2) Aşk Şarkısı Ezgisi...

eğitimli yıllarımdı, bir o öyle esmer
tutup çayıma atasım  gelirdi...

bir büyük oyun oynanıyordu, bilemezdik
sonra o kara bulutlar kopup geldi...

mumlar yanmıyor,ikonalar yok
ne papaz ne imam
ne de o soydan biri
şiirin dünya salkımı gözleri önünde söylüyorum:
ölüm yürüdüğüm yollara döşenmişti
sevgiliyi uzak tuttum kendimden
daralan bir çember, göremezdi o
sevgiliyi uzak tuttum
aşk böylece kaçtı gözden...

hadi söyle şiir, sevgili bağışlar mı  beni
yok yok önce duyur ona sözlerimi ...

ölüm yürüdüğüm yollara döşenmişti
bir  daha görmedim o sevgiliyi

bu kadar da derin olur muydun hüzün
yitiğimden beri söylenen şarkılarımın ezgisi...

3) Papatya Ömürlü

geceleri sessizce sokuluyorum
düşlerini dinliyorum papatyaların
buruk bir hüzün kaplıyor içimi
ay... masallara giriyor...

kalbim hışırdayarak köpürüyor
beni ele veriyor kalbim
göz göze geliyoruz
ıslak kirpiklerimiz...

yamaçların hep genç ölenlerinden biri
gözlerimden okuyor cesur ömrünü
gururla selamlıyor seni yıldız, şöleni
ay şarkılar söylüyor…

4) Yönü Söylenmeyen Gizler…

dostlar
bu ne biçim iş
dostlar
yüreğim bir tapınak gibi teklifsizken
artık yönü söylenmez gizlerim oldu
bu kez de ölmesem daha ölmem...

dostlar
izin verin
izin verin bu gecelik sineyim
hem böyle yakınınızda
hem yok bilin
bakın anılar hızla vuruyor kapısını yüreğimin…

GÖZYAŞLARI AYDINLIĞINDA...

kımıltısız bir gecenin sularındayım
yükünü boşaltmış bir gemi bedenim
umut balyaları
sandık sandık aşklar
ambalajsız kahkahalar.
ne varsa hepsi ...

gecenin koyulaşan sularındayım
ardımda bir onur şeridi parlayan geçmiş
sonsuzluğa yürüdüğümüz anlar
göç eden kırlangıçlar anıların hepsi
bir kocaman düş kırıklığı
eşliğinde gözyaşları ve hüzün

yüreğim,sen iyi bir kaptan değilsin
çok çekti bedenim senin elinden
yüreğim,seni sulara atmalı
balıklara yedirmeli seni yüreğim
ardından trompetler hüzün çalmalı
seni öyle uğurlamalı, dindiren yatağına...

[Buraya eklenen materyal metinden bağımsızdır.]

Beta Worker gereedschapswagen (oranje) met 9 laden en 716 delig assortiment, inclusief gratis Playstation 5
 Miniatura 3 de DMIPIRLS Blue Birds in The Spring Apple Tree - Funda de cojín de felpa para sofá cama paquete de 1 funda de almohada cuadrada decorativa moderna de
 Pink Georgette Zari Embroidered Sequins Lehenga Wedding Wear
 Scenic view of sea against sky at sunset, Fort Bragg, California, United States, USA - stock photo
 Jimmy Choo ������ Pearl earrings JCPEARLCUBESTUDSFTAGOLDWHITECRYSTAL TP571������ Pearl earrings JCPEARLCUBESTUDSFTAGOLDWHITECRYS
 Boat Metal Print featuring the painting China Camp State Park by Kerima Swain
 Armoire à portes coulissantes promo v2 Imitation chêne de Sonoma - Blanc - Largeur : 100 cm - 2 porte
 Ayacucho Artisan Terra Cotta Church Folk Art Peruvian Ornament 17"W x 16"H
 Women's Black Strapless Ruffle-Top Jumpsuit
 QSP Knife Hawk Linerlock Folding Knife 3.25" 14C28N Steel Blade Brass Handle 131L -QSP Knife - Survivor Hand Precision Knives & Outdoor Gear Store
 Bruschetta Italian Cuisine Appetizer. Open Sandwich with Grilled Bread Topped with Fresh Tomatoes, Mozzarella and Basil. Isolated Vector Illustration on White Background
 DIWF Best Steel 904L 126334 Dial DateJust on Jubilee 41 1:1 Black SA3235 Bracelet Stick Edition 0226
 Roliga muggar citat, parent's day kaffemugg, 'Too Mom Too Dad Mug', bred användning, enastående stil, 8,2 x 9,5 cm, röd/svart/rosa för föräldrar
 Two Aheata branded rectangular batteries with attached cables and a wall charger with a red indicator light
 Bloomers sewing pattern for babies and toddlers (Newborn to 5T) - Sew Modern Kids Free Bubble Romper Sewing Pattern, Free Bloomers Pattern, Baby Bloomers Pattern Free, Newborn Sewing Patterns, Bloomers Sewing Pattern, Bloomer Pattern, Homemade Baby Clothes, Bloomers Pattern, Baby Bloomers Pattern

ay gelip gelip gözlerime giriyor
sularını taşırıyorsa kime ne
hem geceleri gökyüzü bir at olmasa
kanatları ışıktan bir at olmasa
almasa düşlere götürmese
ben nasıl dayanırım dünya...

5) Matematiğin Cehaleti...

İki kere iki ben ne dersem o eder
matematik  hiç bilebilir mi  gözü karalığın güzelliğini

DÜŞMEZ KALKMAZ BİR ÖLÜ

en  kahredici  günlerimde yoksunuz
ay beyaz şarap tadıyla kalbimi köpürtüyor
üzerimdeki gözler siliniyor,beni diplere çeken zulüm de
katılınca şarkıların daha sabah olduğu sizler yoksunuz
ey siz söz ettiklerim,  kimlerseniz bilmiyorum
en kahredici günlerimde, ama yoksunuz...

zulüm iyice yerleşiyor, bir aklığı tüketiyor
yürekleri kelebek inceliğinde kardeşler, ama niye
gözlerinizde düşler parıldamıyor,ben kahroluyorum
ay beyaz şarap tadıyla kalbimi köpürtüyor
pencereleri kırıp havalanıyorum, hiçbir şangırtı duyulmuyor
bulutlar ayaklarımda bir gök ayakkabı
üzerimdeki gözler siliniyor, anıların ağırlığı da
beni daraltan yanlış kadınlar elveda
sevgili ay
mahzeninde kaç hıçkırık şişesi var, kaç sağanak
bu aralar hüzne kesilmiş kalbim,sıkı içiyorum
ankara hışımla yağdırdığım yağmurları bilmiyor...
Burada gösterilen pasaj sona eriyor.